§ Task item:
Give again, exactly as written, the lines of the records below from the line with "Firmenlogo: EMIL DEISS KG (GmbH & Co.)" to the line with "Cylinder head gaskets". Both end lines count; pictures do not.

§ Information provided:
______________________________

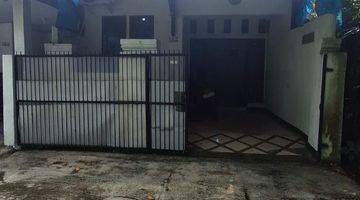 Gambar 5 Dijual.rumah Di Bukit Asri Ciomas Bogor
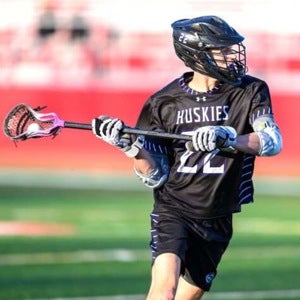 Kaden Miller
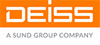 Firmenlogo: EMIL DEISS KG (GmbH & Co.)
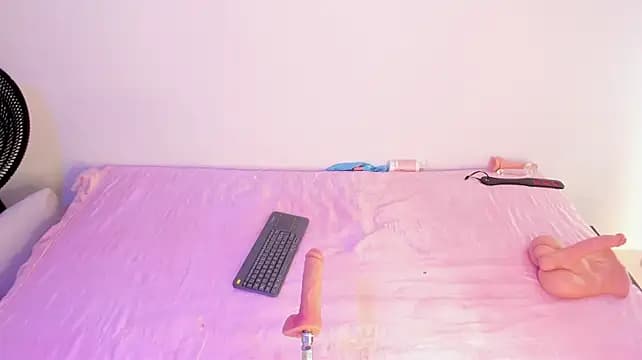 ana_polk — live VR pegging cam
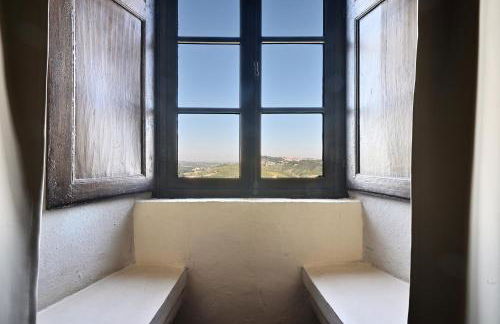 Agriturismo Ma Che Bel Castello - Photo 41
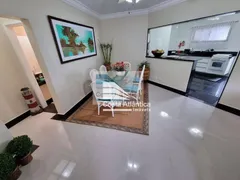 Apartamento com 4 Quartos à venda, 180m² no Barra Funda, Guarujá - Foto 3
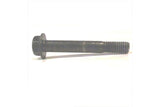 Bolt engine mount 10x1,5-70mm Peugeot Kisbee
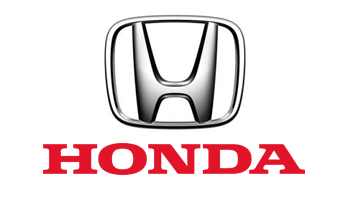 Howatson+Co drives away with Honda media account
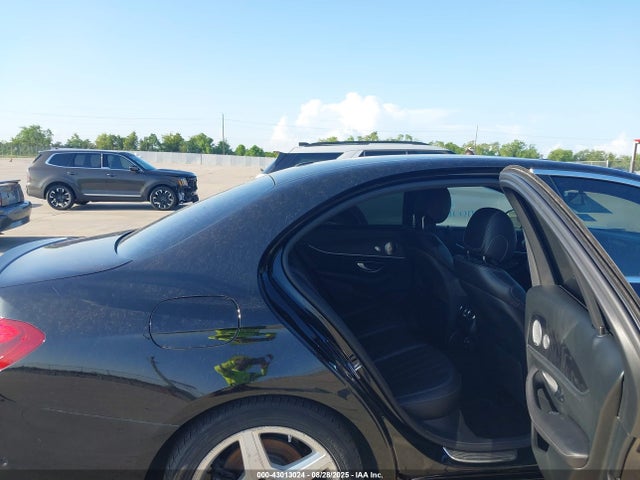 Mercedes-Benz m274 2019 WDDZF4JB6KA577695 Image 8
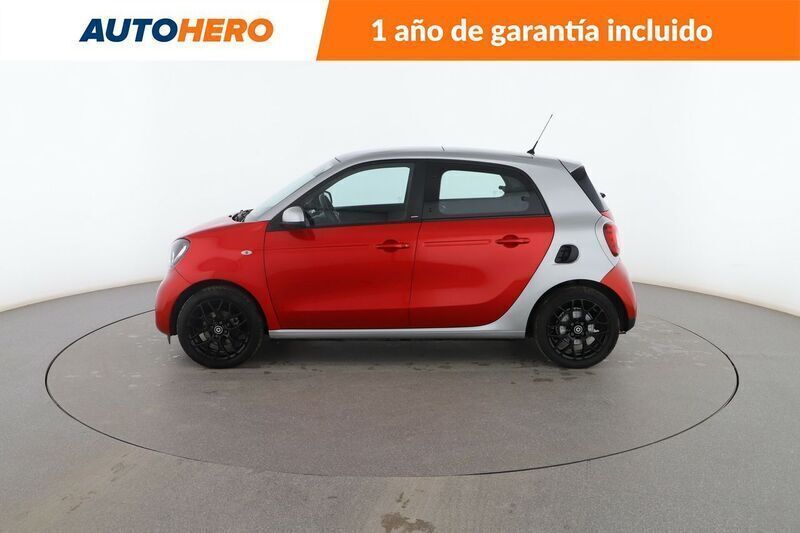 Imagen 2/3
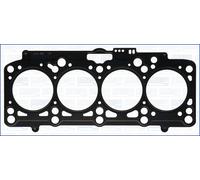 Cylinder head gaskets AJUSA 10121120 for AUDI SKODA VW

______________________________

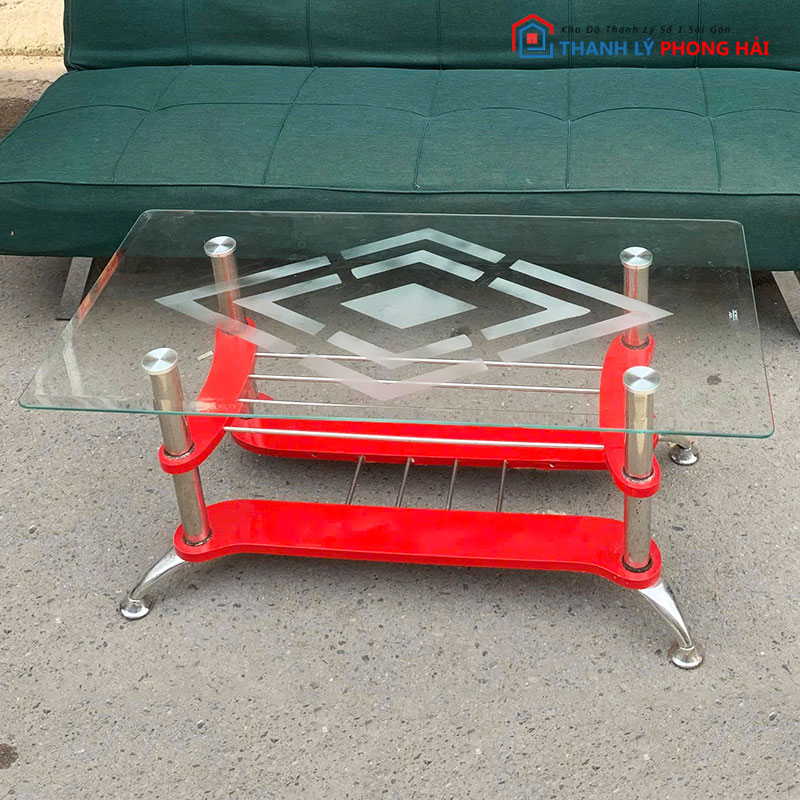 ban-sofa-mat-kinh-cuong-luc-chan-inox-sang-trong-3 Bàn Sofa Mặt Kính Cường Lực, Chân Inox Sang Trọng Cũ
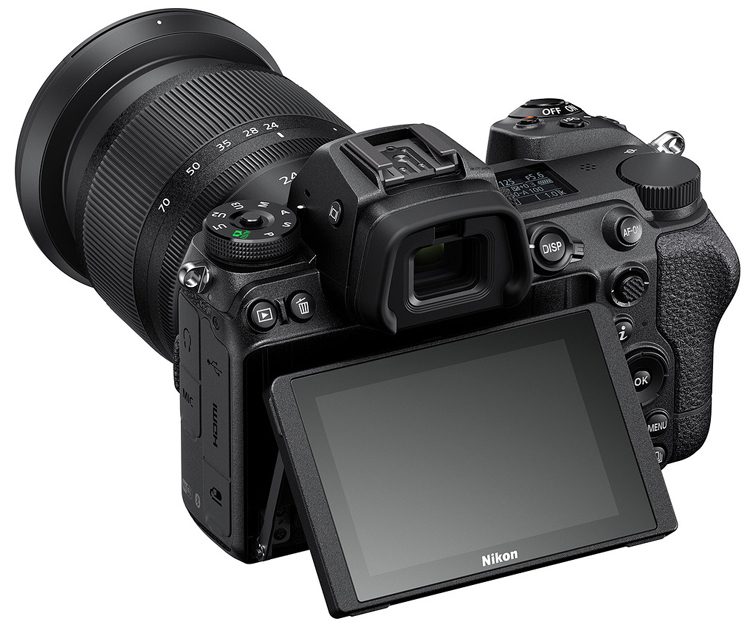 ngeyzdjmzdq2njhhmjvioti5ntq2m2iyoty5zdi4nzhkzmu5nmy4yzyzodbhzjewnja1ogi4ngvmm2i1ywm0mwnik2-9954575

______________________________

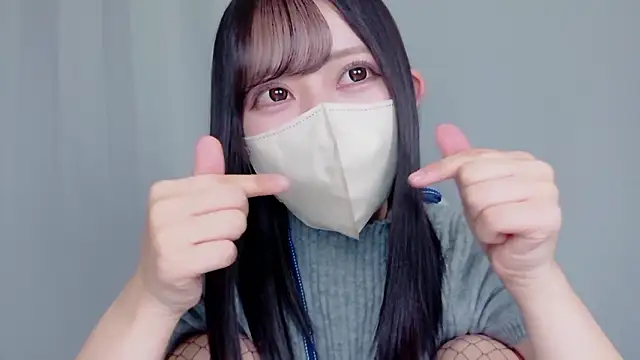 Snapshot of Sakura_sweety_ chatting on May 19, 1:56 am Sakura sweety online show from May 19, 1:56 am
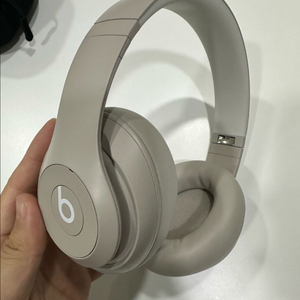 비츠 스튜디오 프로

______________________________

§ Task solution:
 Firmenlogo: EMIL DEISS KG (GmbH & Co.)
 ana_polk — live VR pegging cam
 Agriturismo Ma Che Bel Castello - Photo 41
 Apartamento com 4 Quartos à venda, 180m² no Barra Funda, Guarujá - Foto 3
 Bolt engine mount 10x1,5-70mm Peugeot Kisbee
 Howatson+Co drives away with Honda media account
 Mercedes-Benz m274 2019 WDDZF4JB6KA577695 Image 8
 Imagen 2/3
 Cylinder head gaskets AJUSA 10121120 for AUDI SKODA VW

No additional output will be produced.